Listed entries
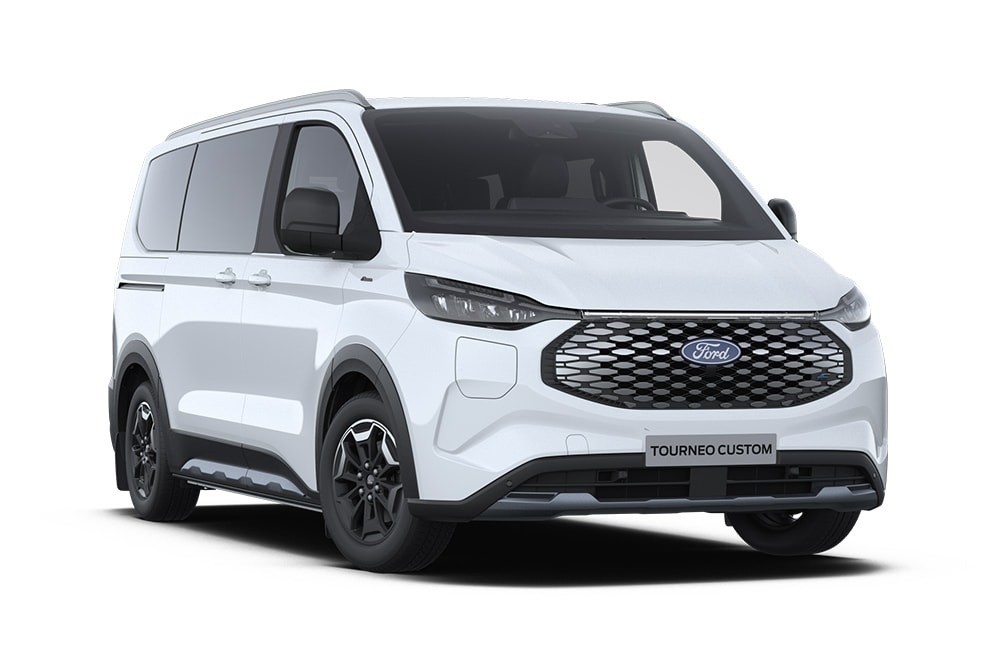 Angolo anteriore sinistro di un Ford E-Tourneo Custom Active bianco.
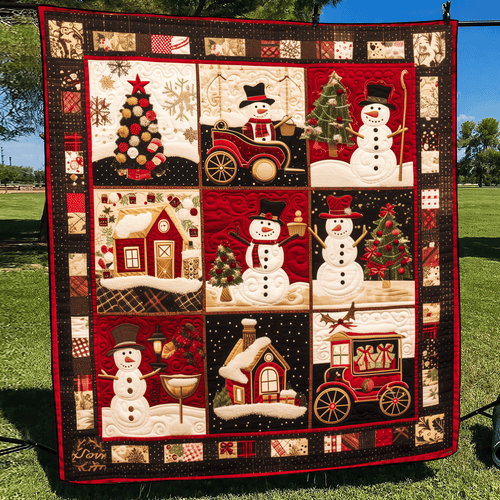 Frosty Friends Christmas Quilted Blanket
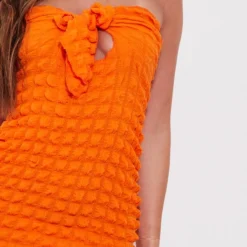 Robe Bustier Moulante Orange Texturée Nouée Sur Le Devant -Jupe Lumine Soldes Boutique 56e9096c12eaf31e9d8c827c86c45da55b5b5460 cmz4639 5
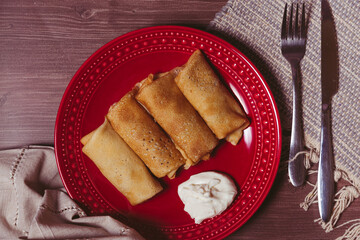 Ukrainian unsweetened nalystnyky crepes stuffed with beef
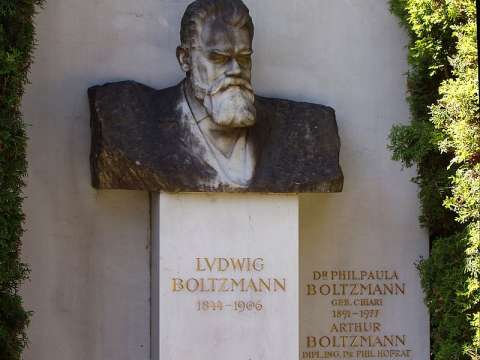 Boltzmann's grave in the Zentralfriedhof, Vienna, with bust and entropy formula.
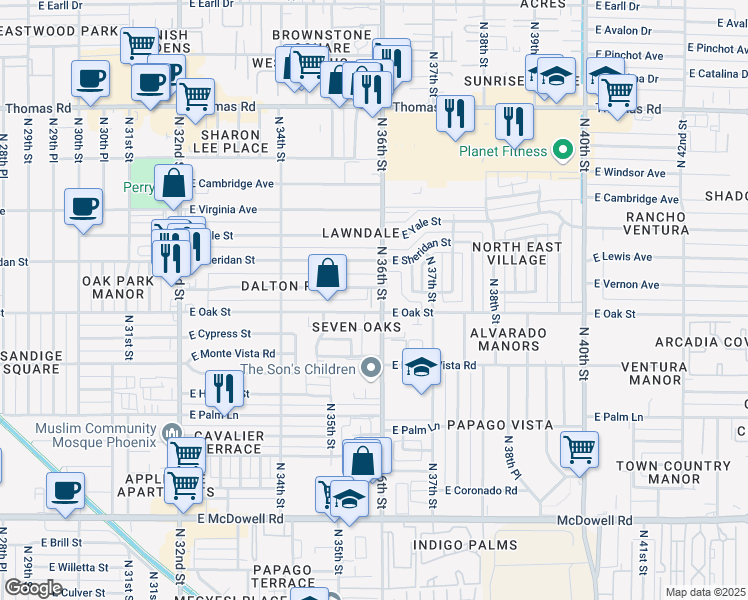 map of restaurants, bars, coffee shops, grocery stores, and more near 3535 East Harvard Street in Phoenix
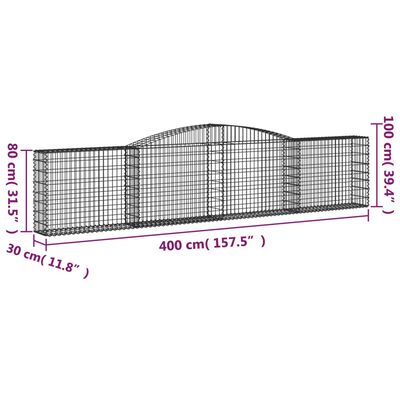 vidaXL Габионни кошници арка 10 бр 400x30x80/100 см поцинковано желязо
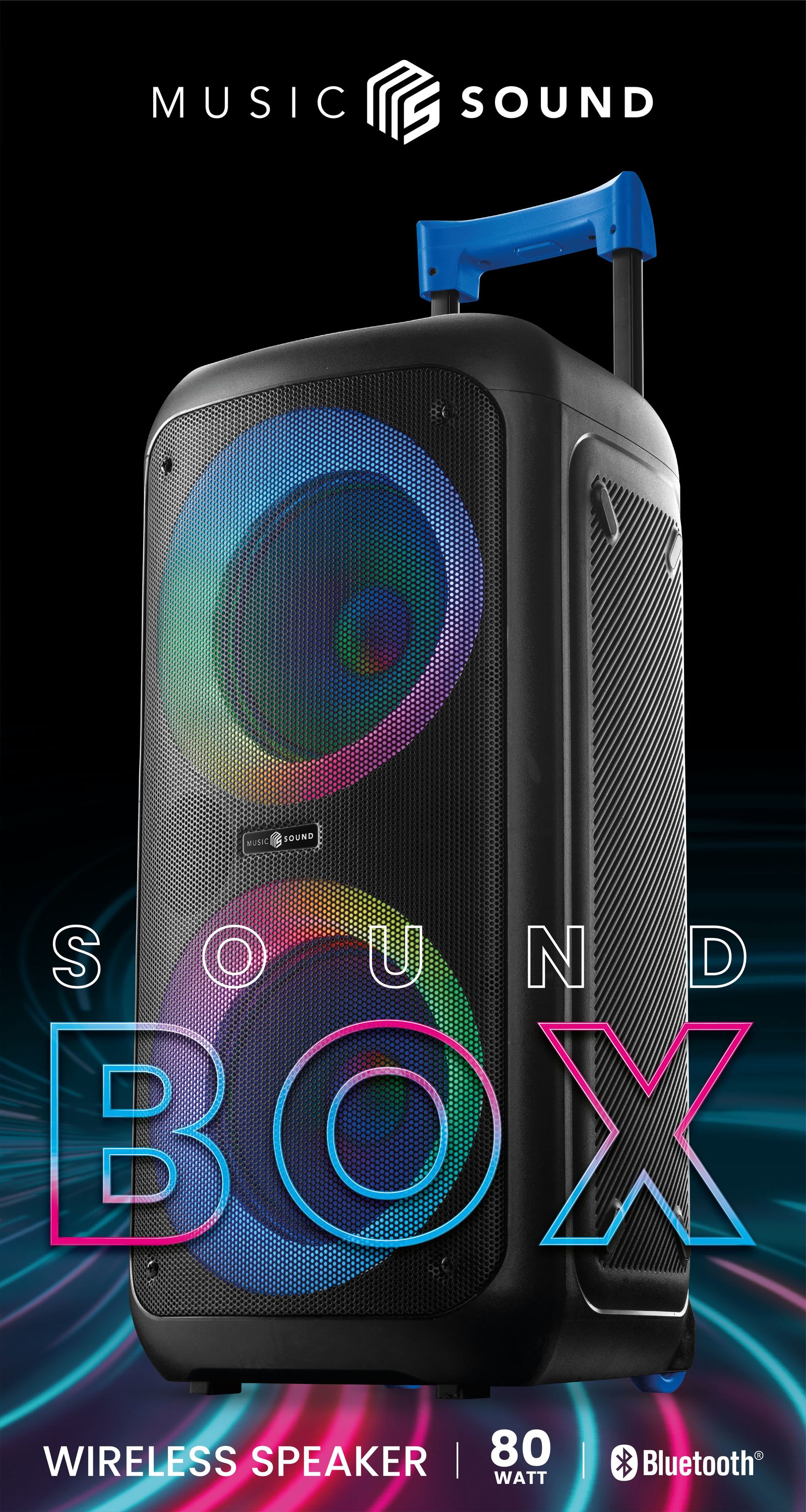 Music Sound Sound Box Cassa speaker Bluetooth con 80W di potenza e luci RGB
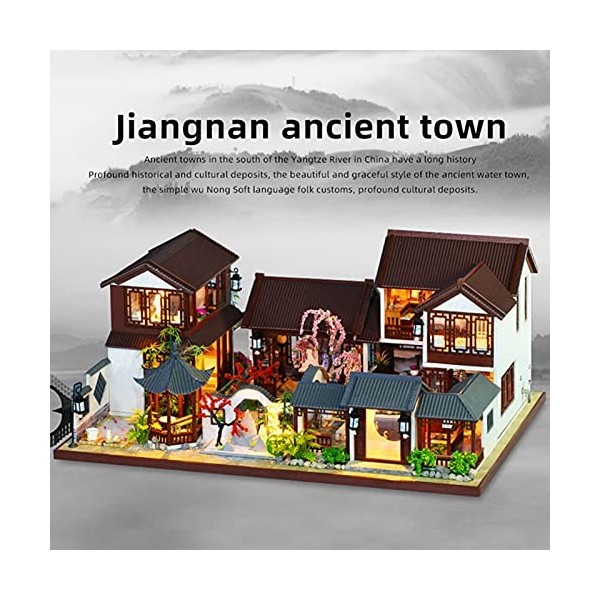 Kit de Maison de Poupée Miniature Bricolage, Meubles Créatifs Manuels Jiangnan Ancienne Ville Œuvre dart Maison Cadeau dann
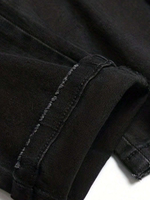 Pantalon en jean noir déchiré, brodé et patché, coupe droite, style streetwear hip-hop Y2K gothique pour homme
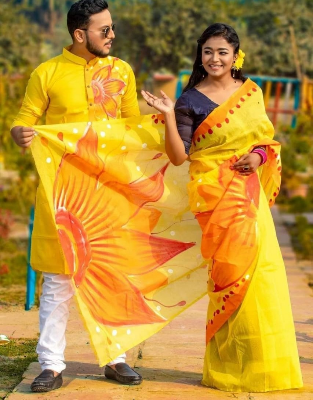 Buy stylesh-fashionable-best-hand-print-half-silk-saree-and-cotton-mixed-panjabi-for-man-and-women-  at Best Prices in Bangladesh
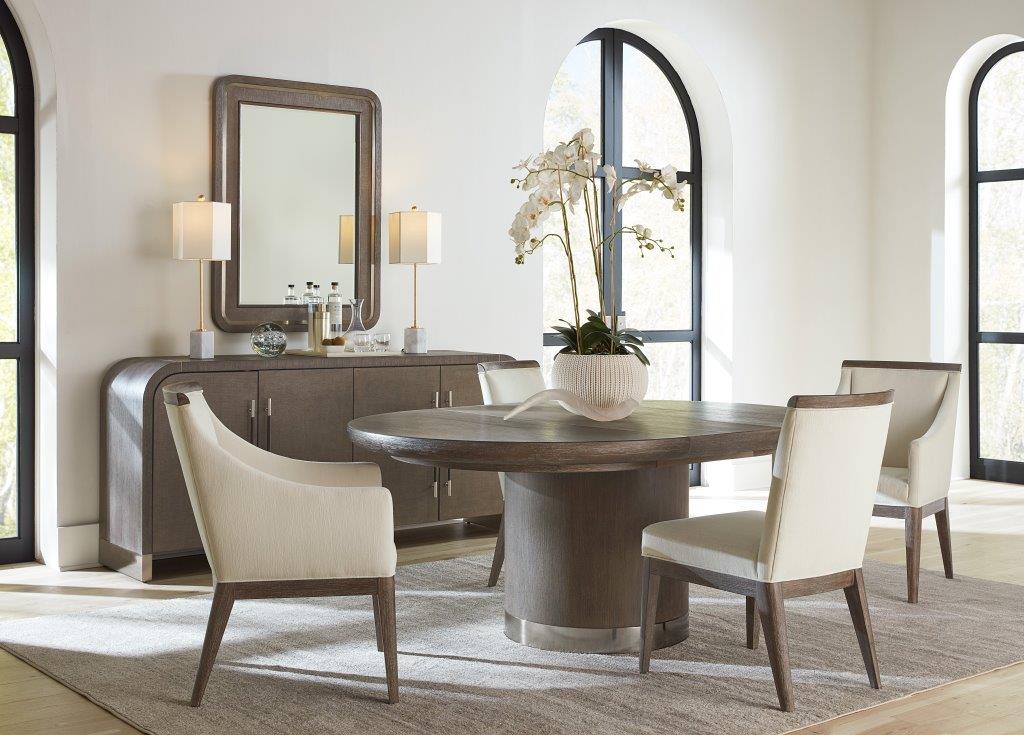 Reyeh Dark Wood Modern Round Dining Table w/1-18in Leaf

Problem details
Starting at the top of the listing above, please restate word for word each line up to and including the one that holds "Boltzmann's grave in", omitting every image.

Reply to the exercise
 Angolo anteriore sinistro di un Ford E-Tourneo Custom Active bianco.
 Frosty Friends Christmas Quilted Blanket
 Robe Bustier Moulante Orange Texturée Nouée Sur Le Devant -Jupe Lumine Soldes Boutique 56e9096c12eaf31e9d8c827c86c45da55b5b5460 cmz4639 5
 Ukrainian unsweetened nalystnyky crepes stuffed with beef
 Boltzmann's grave in the Zentralfriedhof, Vienna, with bust and entropy formula.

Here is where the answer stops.